I metalupi… Ned sorrise, guardando i due animali che riposavano ai piedi delle figlie, placidi come se montassero la guardia alle loro padroncine: Nymeria era un animale bianco e grigio, dagli occhi vivaci e dal temperamento simile a quello di Arya, Lady – sua sorella – aveva il pelo più chiaro e lo sguardo dolce e indulgente, un carattere paziente e un’eleganza innata, una piccola Sansa in versione animale. Ricordava bene il giorno in cui Jon li aveva trovati, durante un giro di ricognizione nelle loro terre, e di come i cuccioli fossero stati uguali nel numero ai ragazzi Stark: uno per ogni figlio, come se una mano dall’alto avesse deciso di abbinare quelle creature ai giovani figli della Casa del Metalupo. Robb aveva avuto Vento Grigio, Bran Estate, Rickon Cagnaccio… e per Jon Spettro, l’unico albino tra i cuccioli, un lupacchiotto bianco dagli occhi rossi simili a rubini di cui si era innamorato anche Aegon. Perfetto per il nipote, che era un misto di ghiaccio e fuoco.

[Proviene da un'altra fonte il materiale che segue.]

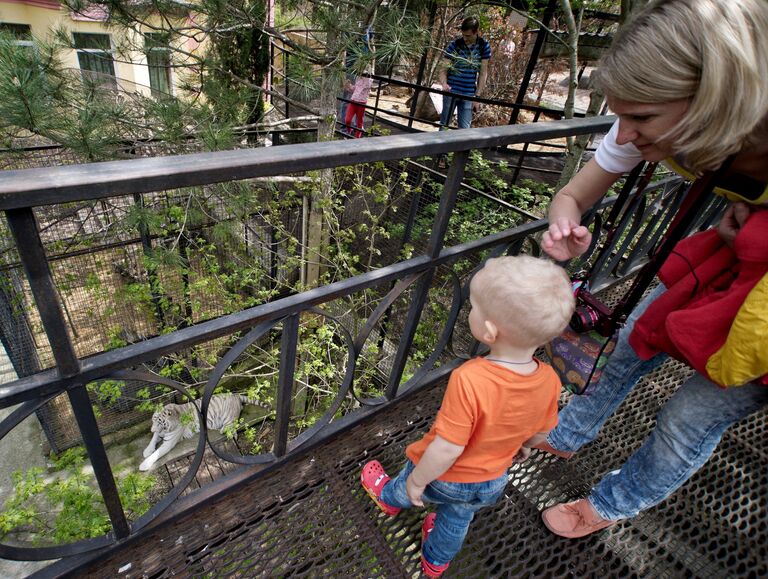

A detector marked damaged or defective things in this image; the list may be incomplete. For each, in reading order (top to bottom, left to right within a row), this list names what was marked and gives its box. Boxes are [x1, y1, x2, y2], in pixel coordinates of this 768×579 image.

Arya e Sansa avevano insistito per portare a Sud i loro animali, e Ned ne era stato felice: le avrebbero protette. Se anche lui fosse stato lontano col pensiero, perso dietro a quei misteri che iniziavano ad emergere attorno a lui, almeno le figlie non sarebbero state da sole.

O almeno, così sperava.
 

 
 





Noticine di Nat
Aegon  e Sansa. Scommetto che non ve lo aspettavate!

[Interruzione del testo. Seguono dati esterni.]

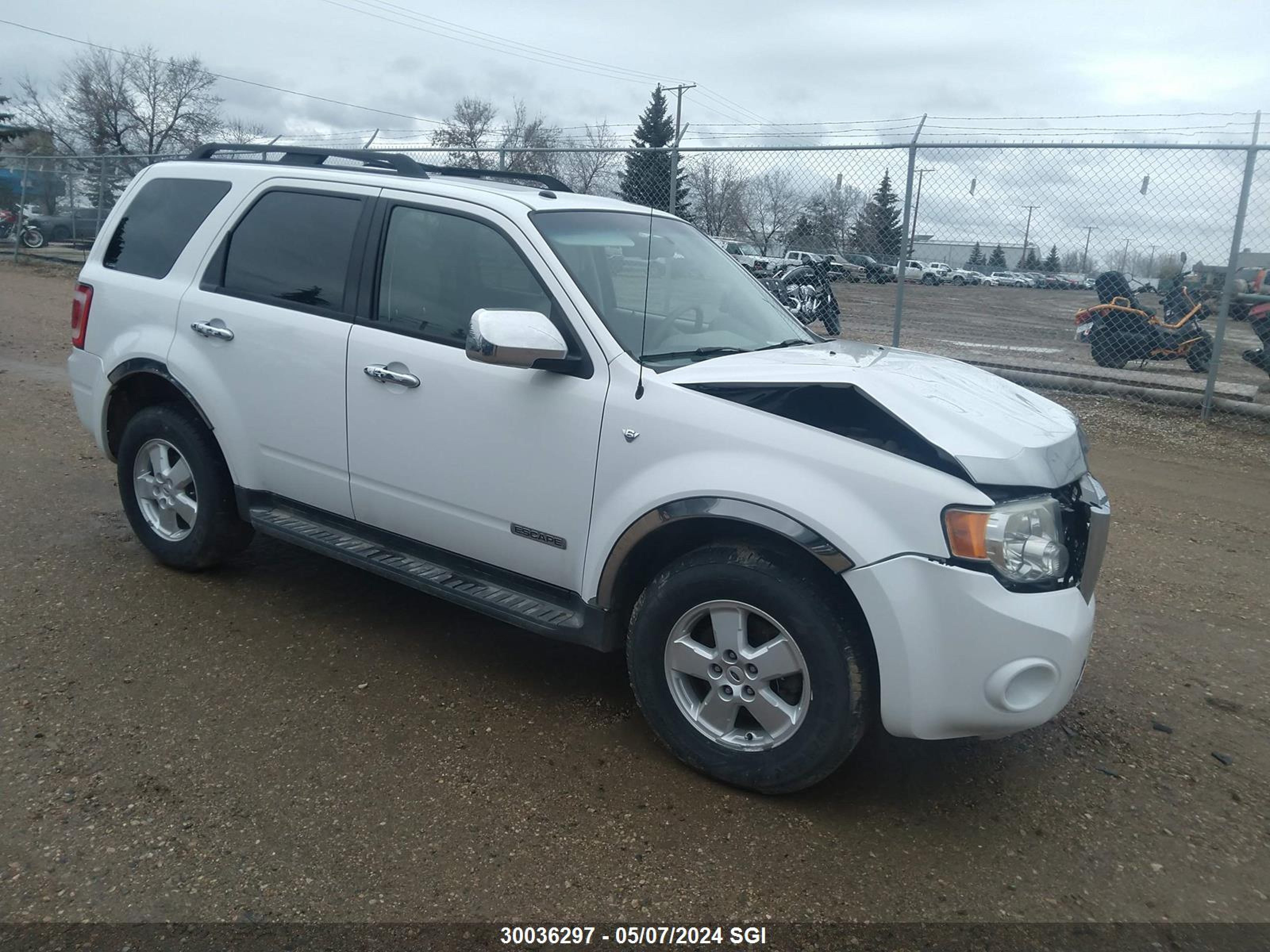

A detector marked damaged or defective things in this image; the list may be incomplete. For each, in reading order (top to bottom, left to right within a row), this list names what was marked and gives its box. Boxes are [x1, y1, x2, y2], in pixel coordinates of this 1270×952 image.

damaged hood [660, 343, 1087, 487]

Scherzi a parte, la mia passione per la SanSan è forte e dura dalla seconda stagione della serie, ma chi mi segue sa che sono una sperimentatrice e non posso rinunciare a formare nuove coppie, soprattutto quando la storia lo permette… per cui ho provato a seguire anche questo sentiero, sperando che l’andamento della storia possa continuare ad incuriosirvi. Tra l’altro ci sono parecchie fic nel fandom internazionale su di loro e alcune non sono nemmeno male, per cui… è stato più forte di me!

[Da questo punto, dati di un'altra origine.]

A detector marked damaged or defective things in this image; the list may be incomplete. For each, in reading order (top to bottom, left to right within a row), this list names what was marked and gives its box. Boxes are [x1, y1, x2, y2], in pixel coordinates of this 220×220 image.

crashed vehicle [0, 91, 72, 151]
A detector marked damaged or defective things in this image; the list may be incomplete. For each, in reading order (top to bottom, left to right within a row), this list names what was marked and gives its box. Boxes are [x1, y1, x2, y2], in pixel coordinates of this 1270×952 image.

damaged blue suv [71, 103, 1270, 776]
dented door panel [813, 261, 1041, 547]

Vi sarete accorti che il what if è in pieno svolgimento e che, per questo, le vicende stanno prendendo pieghe abbastanza differenti dalla storia… ma non voglio comunque spoilerarvi nulla, per cui vi lascio tutta la suspence (?) e la sorpresa di vedere cosa dovranno affrontare Ned, Lyanna e gli altri! Questo capitolo è dedicato tutto a lui per ragioni di svolgimento della trama, ma la storia ruota anche attorno agli altri personaggi, as always.
L’aggiornamento questa volta è lampo,  ma la sessione invernale mi aspetta… spero davvero che la Musa non mi abbandoni. Nel frattempo vi ringrazio di cuore per aver inserito la mia stori tra le seguite, le preferite e le ricordate, siete sempre di più e mi riempite di gioia!